Michael Cox of Pueblo, Colorado, won the 52nd annual Conch Shell Blowing Contest in Key West, Florida, Saturday (3/1), playing the same shell his father had used to win in 1986.
Nicknamed the "Conch Honk," the quirky event drew contestants eager to share in a Key West tradition, testing their "pucker power" by trying to make music using the fluted, pink-lined conch shell.
Cox, 38, won the men's division title by blowing a melodic two-toned blast that lasted about 30 seconds on his father's shell -- followed by part of the 1935 classic "Summertime" on a smaller shell.

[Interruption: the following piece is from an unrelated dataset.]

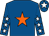 Royal blue, orange star, royal blue sleeves, white stars, royal blue cap, white star (Allson Sparkle Ltd)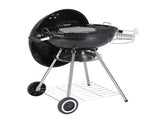 28-Inch Portable Charcoal Grill with Wheels and Storage Holder, Porcelain-Enameled Lid and Ash 40059147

Conch shell blowing has been practiced in the Florida Keys for generations. Early settlers blew blasts to signal that a sinking ship had been spotted offshore, and native-born islanders are commonly called Conchs. The shell of the sturdy sea mollusk is a symbol of the island chain, which is also known as the Conch Republic.
The contest attracted hopeful conch "honkers" ranging from age three to 77, as well as multi-person ensembles. The group division winner was the Boca Chica Conchestra, a group of more than two dozen people who performed a wacky takeoff on the Village People's "Y.M.C.A."
Entrants were judged on the quality, duration, loudness and novelty of the sounds they make. While most could only produce blasts or squeals, two intrepid "conk honkers" managed recognizable excerpts from Nikolai Rimsky- Korsakov's "Flight of the Bumblebee."